Wednesday, October 31, 2012

A special birthday wish


The 1980s.  Uncle Ronnie was the President of the United States.  Perestroika was all the rage.  Trickum Middle School in Lilburn, Georgia, was my middle school.  Teachers – wonderful teachers – were my extended family.  My parents could not have entrusted me to a better group of men and women.  They were empathic.  They were firm.  They were generous.  They were Socratic.   They each had a unique style.  They each cared deeply for our sovereignty and for our future prospects.

One particular teacher, Mrs. June McPherson, provided consistent and commendable language arts and drama education to my peers and to me.  She epitomized the structured, traditional English teacher.  As I look back on this approach to teaching, I am thankful that she served up her work in this manner.  At that time, it was tough – tough to recall grammar rules, tough to endure the red ink, and tough to generate countless creative ideas and approaches.  But endure we did.  We learned the five-paragraph essay.  We stretched our imaginations.  We did so, unwittingly, because we had an insatiable thirst to do good things. Great teachers like Mrs.
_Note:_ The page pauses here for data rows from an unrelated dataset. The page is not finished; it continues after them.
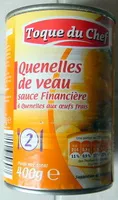 Mängden socker i Quenelles de veau, sauce Financière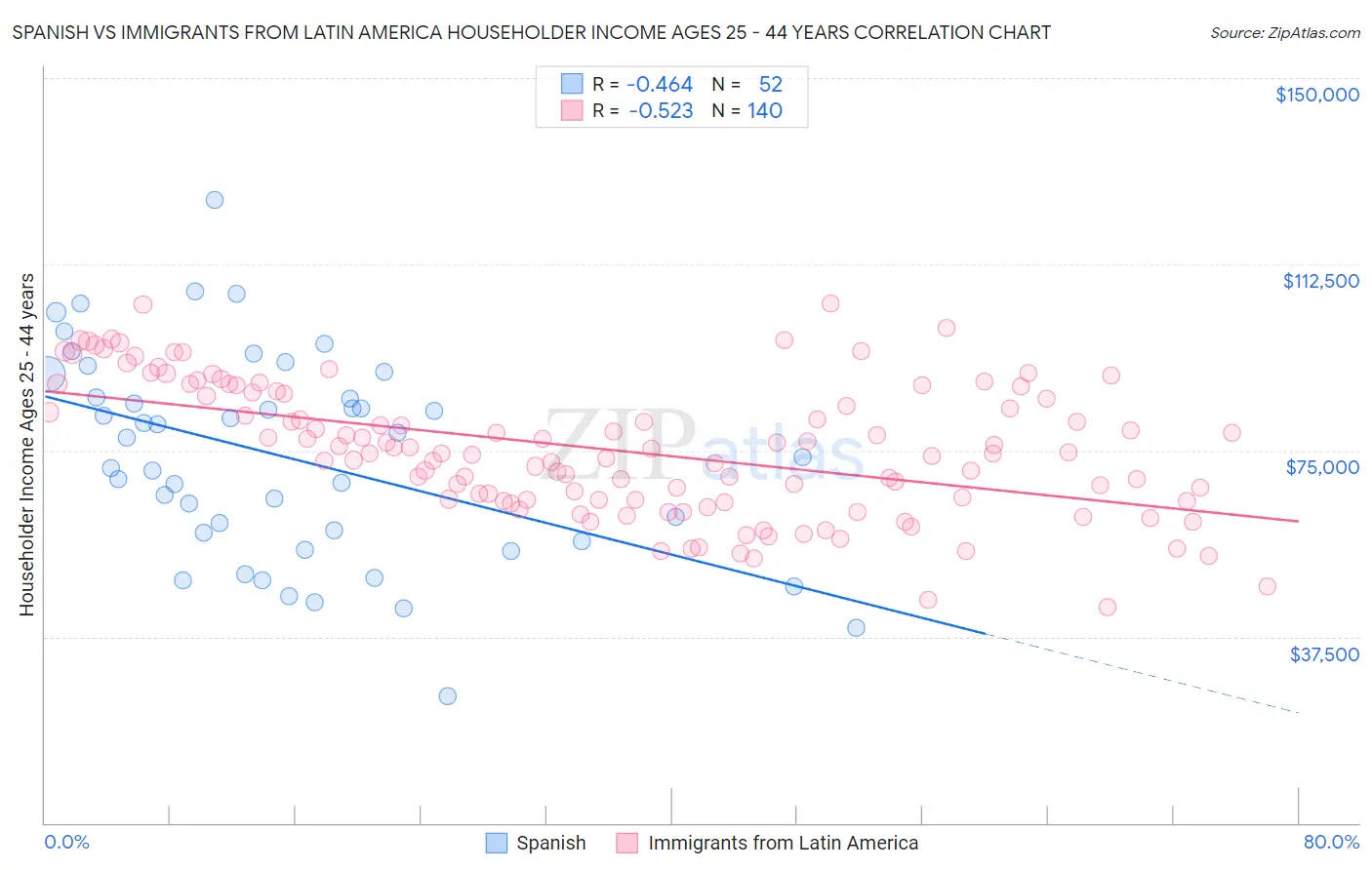 Spanish vs Immigrants from Latin America Householder Income Ages 25 - 44 years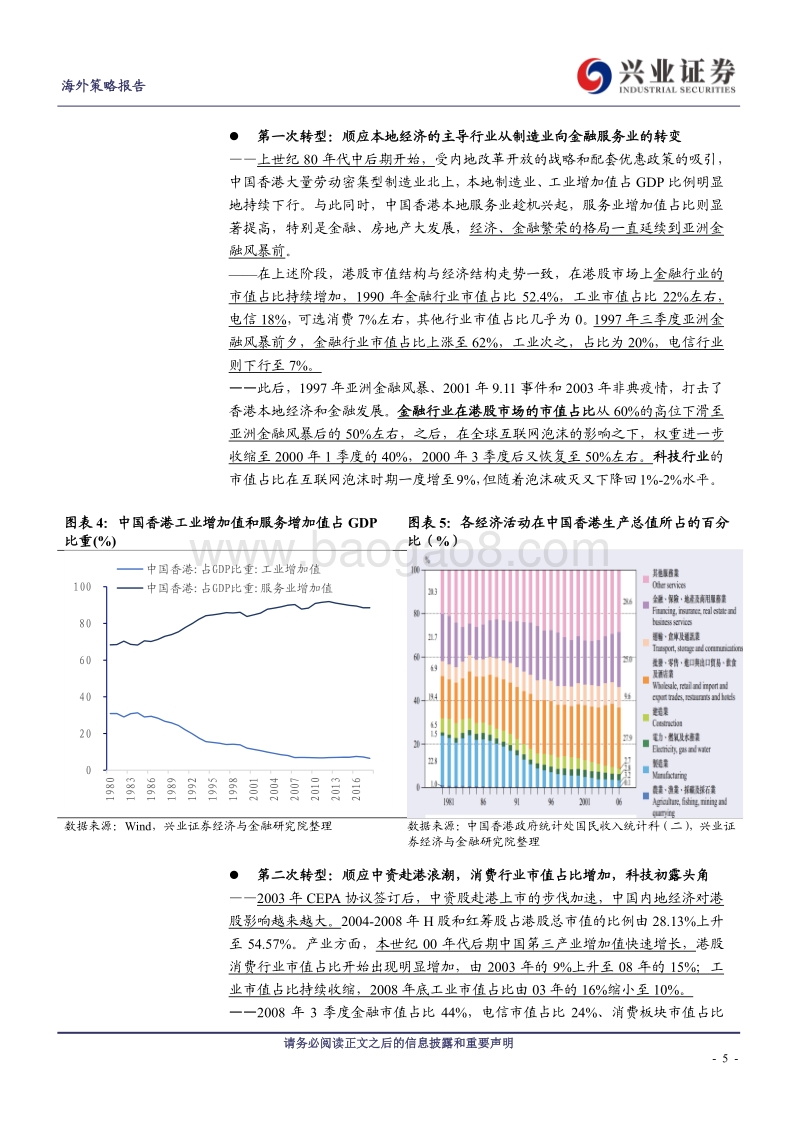 恒指的未来：“新核心资产”驱动的新时代.pdf_第5页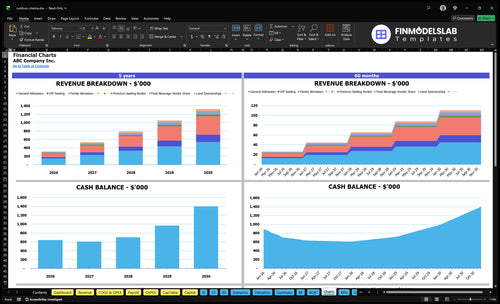 outdoor cinema financial model charts financialmodelslab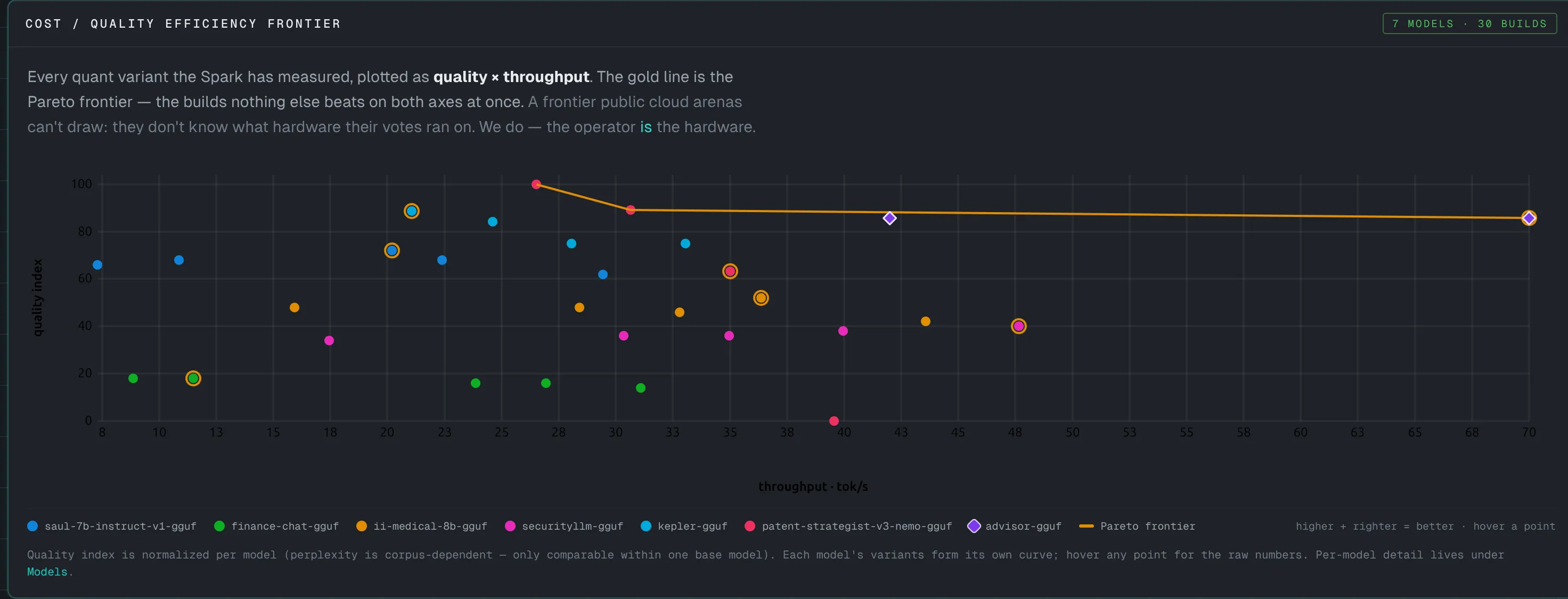 Cost against quality, plotted, so you can see which smaller model earns its place.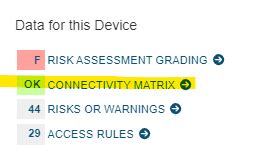Image result for Connectivity Matrix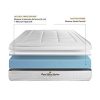 Ensemble-Matelas--mmoire-de-Forme-Maxi-paisseur-Balmoral-160x200-Double-sommier-0-2 Ensemble Matelas à mémoire de Forme Maxi épaisseur Balmoral 160x200 Double sommier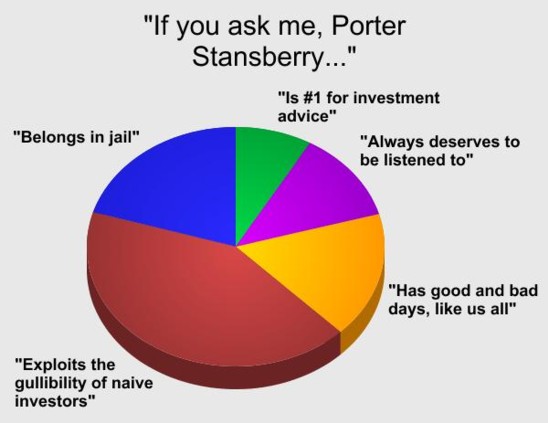 The Porter Poll
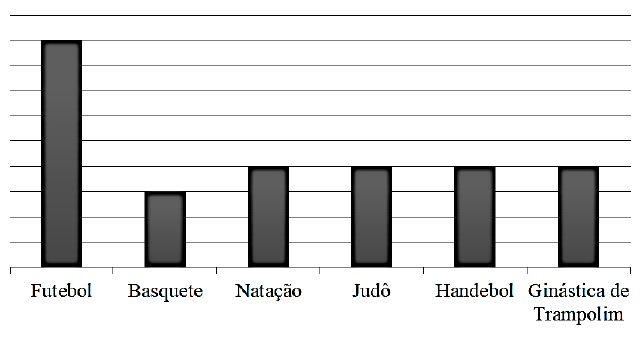 Gráfico de colunas da alternativa B, com linhas horizontais de grade e colunas para Futebol, Basquete, Natação, Judô, Handebol e Ginástica de Trampolim.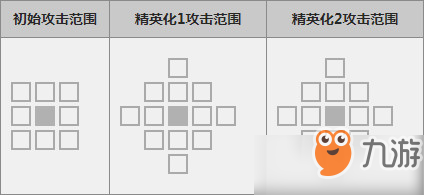 明日方舟空怎么用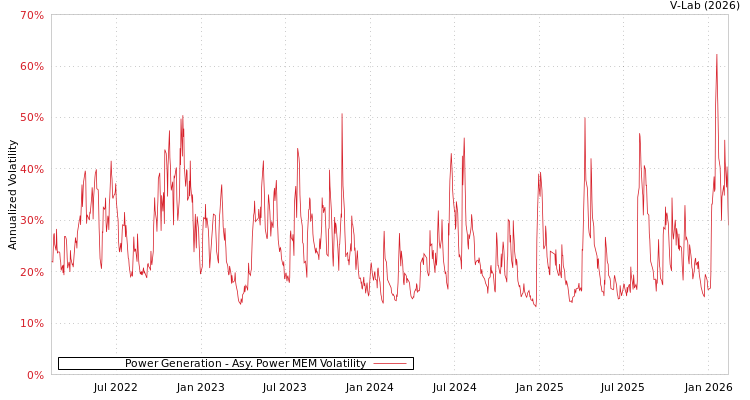 graph of Power Generation APMEM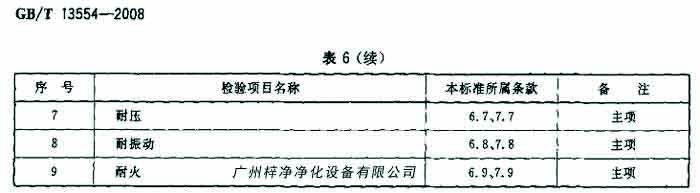 過濾器檢驗項目名包括耐壓、耐火等。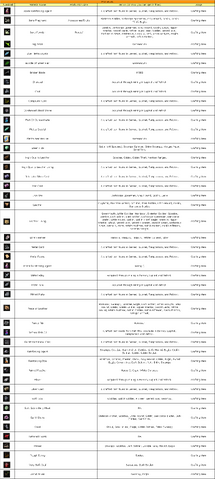 File:Monster Drop Material.png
McPherson, humbly and generously, inspired many of these good things.  It is these good things that good people carry within themselves today.

On this, her 80th birthday, I wish her a very happy birthday.  It is lives like hers that shaped and colored lives like mine.  I am a poet.  I am a leader.  I am a servant.  I am a songwriter.  I am a businessman.  That’s quite an accomplishment for such a modest artist such as June McPherson.  We should all be so fortunate to be in the company of the same.